↓
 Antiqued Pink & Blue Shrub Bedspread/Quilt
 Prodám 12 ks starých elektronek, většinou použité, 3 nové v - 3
↑
↓
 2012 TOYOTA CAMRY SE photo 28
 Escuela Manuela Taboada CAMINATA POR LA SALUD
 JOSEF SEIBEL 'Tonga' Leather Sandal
↑
↓
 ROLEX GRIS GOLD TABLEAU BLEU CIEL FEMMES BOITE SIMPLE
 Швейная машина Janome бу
↑
- [EXERCISE]: Your task for the entries above: copy exactly the span starting with the line with "Antiqued Pink & Blue Shrub Bedspread/Quilt" and going on through the line with "Prodám 12 ks", both lines included, and nothing else.

- [SOLUTION FOR THIS TASK]:
 Antiqued Pink & Blue Shrub Bedspread/Quilt
 Prodám 12 ks starých elektronek, většinou použité, 3 nové v - 3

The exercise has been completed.